キサラギ スタンダード・エディション [DVD]

キャスト ★★★★★
ストーリー ★★★★★
テンポ ★★★★

結論:舞台が好きな人におすすめ!

2007年 日本
監督:佐藤祐市
脚本:古沢良太

※あらすじ・本編ラストのネタバレあり。未視聴の方はご注意ください※

目次

ストーリー

2007年 2月4日。
自殺したアイドル『如月ミキ』の一周忌に集まった5人の男。
ファン同士の気軽なオフ会になるはずだった集まりは、いつしかミキの死の真相を暴く裁定の場となっていく・・・。

あらすじ兼登場人物紹介

如月ミキ(演:酒井香奈子)

「遅れてきた清純派アイドル」という触れ込みでデビューしたマイナーなグラビアアイドル。プロポーションもパッとせず、二重はプチ整形。壊滅的に音痴で演技もドヘタだったが、ヘアスプレーと殺虫剤を間違って使ってしまうほどの天然ドジっ子キャラで、ごくごく一部にカルト的な人気を誇る。2006年の2月4日。部屋に油をまき、火をつけて焼身自殺した。

泣かず飛ばずの人気からヘアヌード写真集の企画があったこと。自殺の直前、マネージャーの留守電に「やっぱり駄目みたい」と録音を残していたことから、仕事に悩んでの自殺かと思われたいたが・・・?

オダ・ユージ(演:ユースケ・サンタマリア)

喪服を着てやってきた男性。
非常に生真面目な性格で、お気楽ムードだった追悼会の空気を一変させた。ハンドルネームの由来はもちろん「事件は会議室で起きてるんじゃない。現場で起きてるんだッ!!」の人。密かに憧れていたらしい。安男のアップルパイに食いつくなど意外に甘いものが好き。

その正体はミキの元・マネージャー。
今は細身だが以前は太っており、ファンからは「デブッチャー」と有名だったが、ミキの死により激ヤセしていたため誰も気付かなかった。

ミキが自殺の方法に周囲に被害が及ぶ焼死を選んだことを疑問に思い、彼女はストーカーに殺害されたのではと考えていた。彼の話によれば、ストーカーは事件の1週間前、1月26日にミキの家に侵入。布団を畳み洗い物を片付け、私物を盗んでいった。さらに事件当日も、寝室の窓から部屋に侵入していたという。

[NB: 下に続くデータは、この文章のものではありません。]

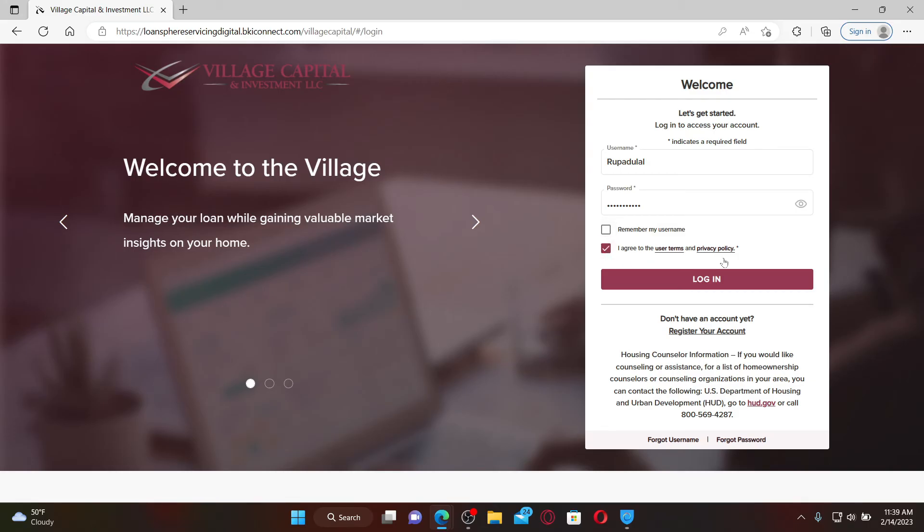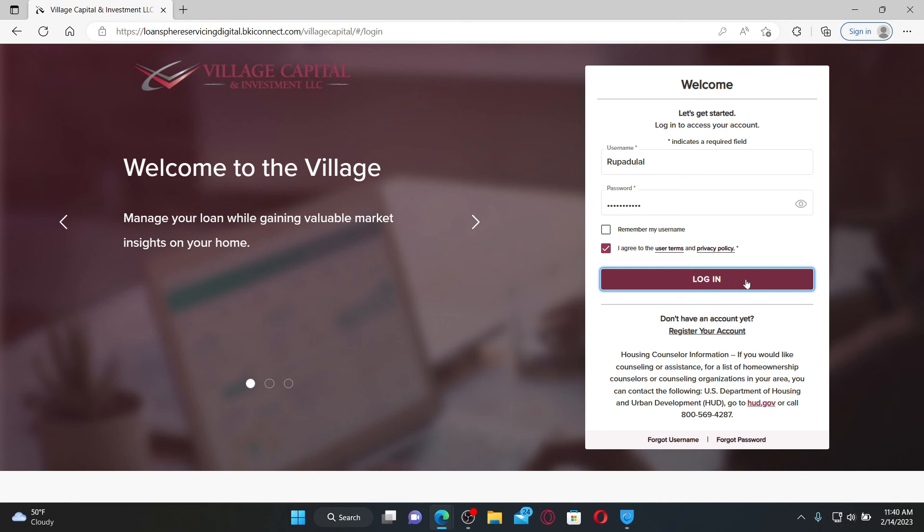Once you're logged in, you can access your account, check your loan progress, make a payment, and much more. I hope the tutorial was helpful to you. If it was, go ahead and give us a thumbs up.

ファンサイトの掲示板にミキしか知らないような部屋の状況を書き込む人間がいたことから、犯人(ストーカー)を誘き出すため、メンバーを追悼会に呼ぶよう家元に提案していた。

いちご娘(演:香川照之)

不審者にしかみえないおっさん。
掲示板では女性のフリをして書き込みをしていた。

ミキがアロマキャンドルやラッキ・チャッピーグッズ集めにハマっていたことなど、関係者しか知らない事情を書き込んでいたこと。ストーカーが盗んだミキの私物のカチューシャをつけ現れたことから、ストーカー本人と断定され、オダに殺されかける。

だが部屋に侵入したのは事件の1週間前の一度きりであり、事件当日はミキが男に抱きつき、部屋に招き入れたところを目撃。そのショックでヤケ酒を飲み、無銭飲食の罪で安達刑務所の留置所で一晩を過ごしていた。

その正体はミキが4歳の時に生き別れた、ミキの実の父親。
娘だと気付いてからは電柱の影から部屋を見守っていたが、ミキが寝室の窓を開けっぱなしで仕事に行ってしまったため、閉めてあげるついでに部屋を片付けていった。

スネーク(演:小出恵介)

すぐに他人に乗っかる腰巾着精神が旺盛な男。ノリがべらぼうに軽い。いちご娘が本当に女の子だと一人だけ信じているなど根が単純。というか単細胞。雑貨屋勤務。

正体はミキの友人。
持っていた生写真から、いちご娘が事件当日に見た「ミキの部屋に入っていったモヒカン頭のチャラ男」であることがバレた。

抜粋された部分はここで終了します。